• How to complete this task:
Starting at the line holding "As you can see, the" and finishing at the line holding "Hi and welcome", transcribe the material exactly, keeping both ends but no pictures.

• Information shown:
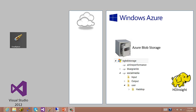In the previous lesson, we developed a C-sharp MapReduce job using Visual Studio 2012 and then ran that in a local instance of HD Insight for Windows. In this lesson, we're going to take the same job and adapt it to run in the cloud using HD Insight on Windows Azure.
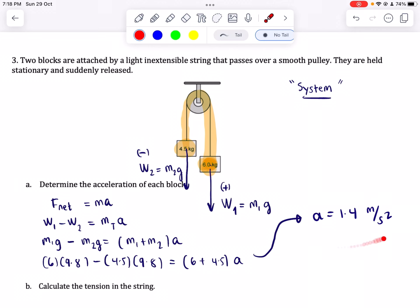That is the acceleration of each block. To recap: to solve for the acceleration of objects in a pulley system, treat them as one system. Ask what the driving force is — it will always be the weight of the heavier object, taken as positive. The resisting force is the weight of the lighter object, taken as negative. The mass used is the total mass of both objects combined.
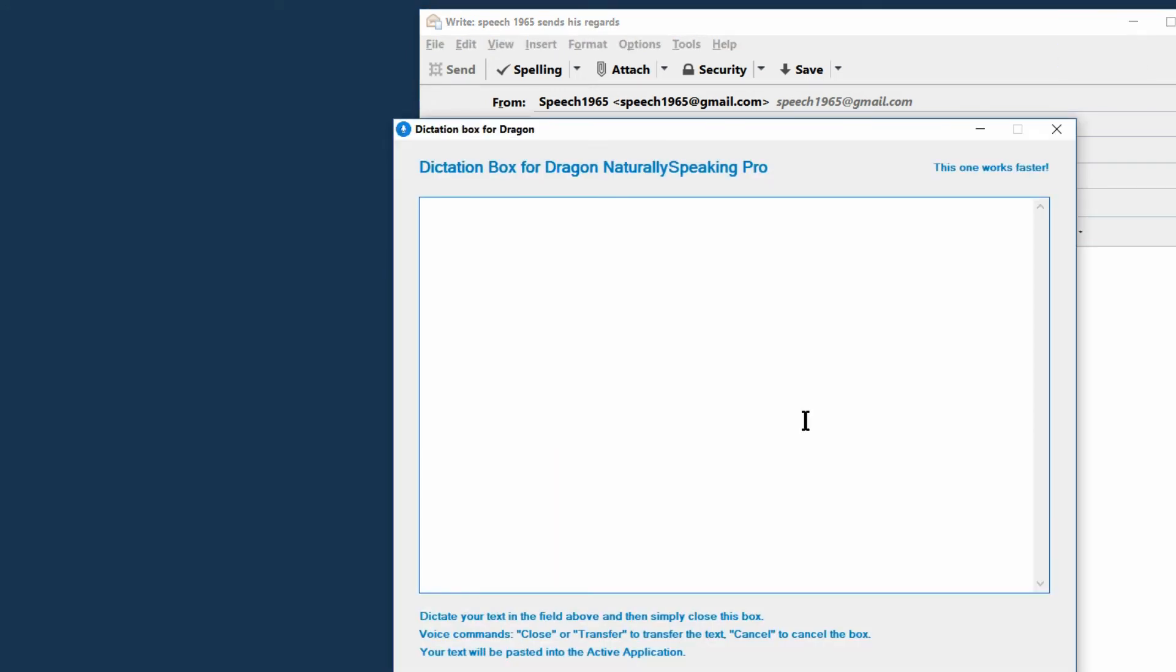As you can see, the speech productivity dictation box opens about three times as fast and it has a bigger, more attractive interface. There's no need to resize. Although Dragon's native dictation box can be resized, it will only last until next reboot. Furthermore, it can only be launched with the target application opened.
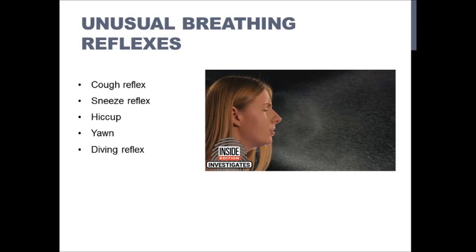The diving reflex is really interesting. It occurs when your head is submerged in ice-cold water and your body completely slows down — blood pressure and heart rate drop to preserve itself. People have even been submerged in ice-cold water for 40 minutes or more and been revived because of this diving reflex. It's a really cool survival reflex that we have.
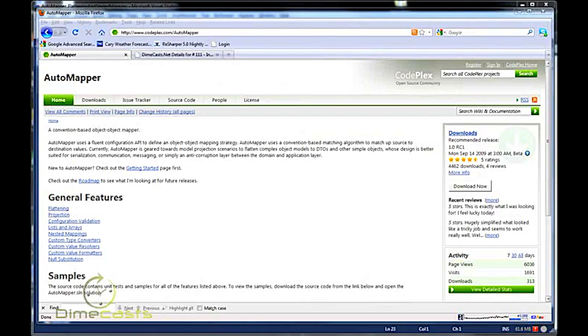Hello and welcome back. Today we're going to take another look at the open source project AutoMapper. AutoMapper is a convention-based object-to-object mapper which allows you to map data from disparate object models back and forth with very little effort.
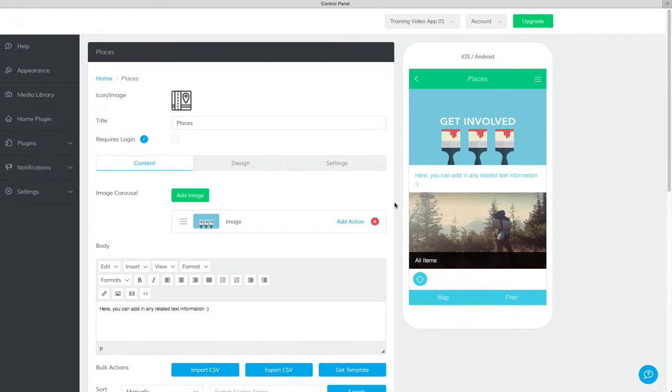Hi and welcome to the Places plugin tutorial video. The Places plugin is a great way to provide information of all of your company or organization's locations all in one spot.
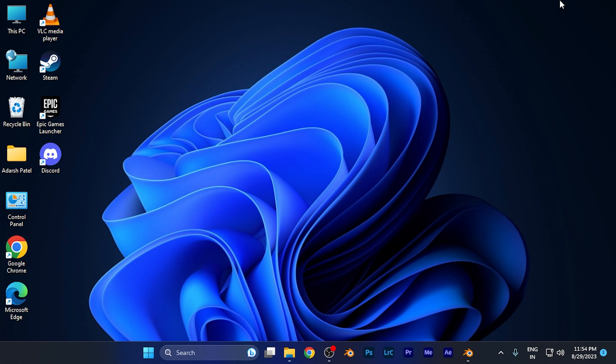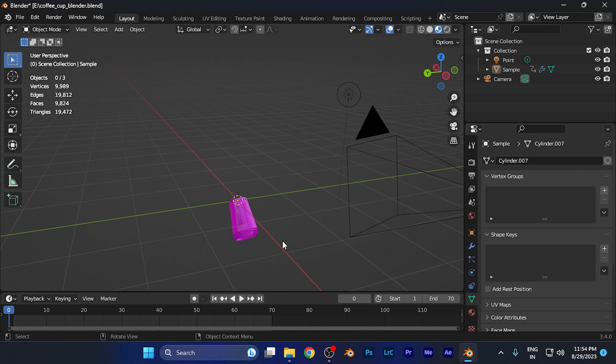If you've created a sample animation and want to playback it without rendering it first, you can do that easily in Blender. First, simply open Blender on whatever device you're using, for example on a Windows PC.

• Solution below:
As you can see, the speech productivity dictation box opens about three times as fast and it has a bigger, more attractive interface. There's no need to resize. Although Dragon's native dictation box can be resized, it will only last until next reboot. Furthermore, it can only be launched with the target application opened.
The diving reflex is really interesting. It occurs when your head is submerged in ice-cold water and your body completely slows down — blood pressure and heart rate drop to preserve itself. People have even been submerged in ice-cold water for 40 minutes or more and been revived because of this diving reflex. It's a really cool survival reflex that we have.
Hello and welcome back. Today we're going to take another look at the open source project AutoMapper. AutoMapper is a convention-based object-to-object mapper which allows you to map data from disparate object models back and forth with very little effort.
Hi and welcome to the Places plugin tutorial video. The Places plugin is a great way to provide information of all of your company or organization's locations all in one spot.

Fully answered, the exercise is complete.